● Given information:
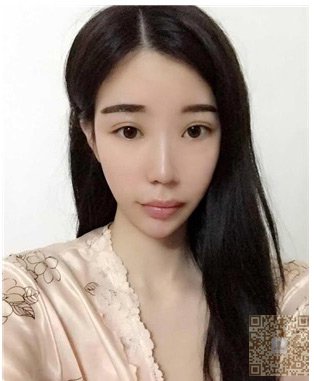 富太太做了超声波去眼袋以后越来越美967 富太太做了超声波去眼袋以后越来越美967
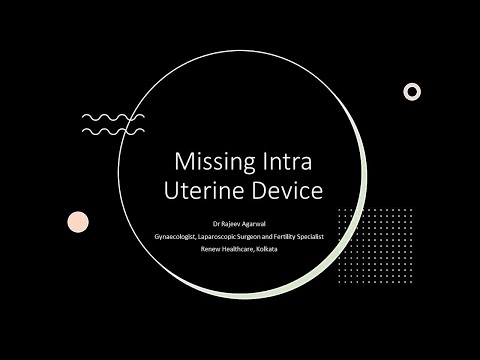 Removal of Missing Intra Uterine Device or IUD via Hysteroscope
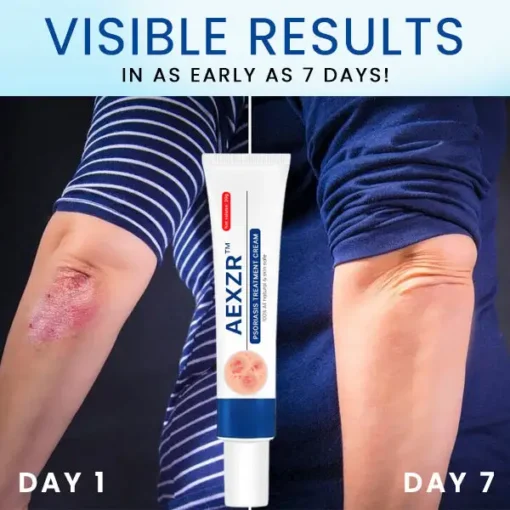 AEXZR™ Psoriasis Treatment Cream - Image 6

● Brief: Retype each line above exactly and leave out any picture.

● Reply:
 富太太做了超声波去眼袋以后越来越美967 富太太做了超声波去眼袋以后越来越美967
 Removal of Missing Intra Uterine Device or IUD via Hysteroscope
 AEXZR™ Psoriasis Treatment Cream - Image 6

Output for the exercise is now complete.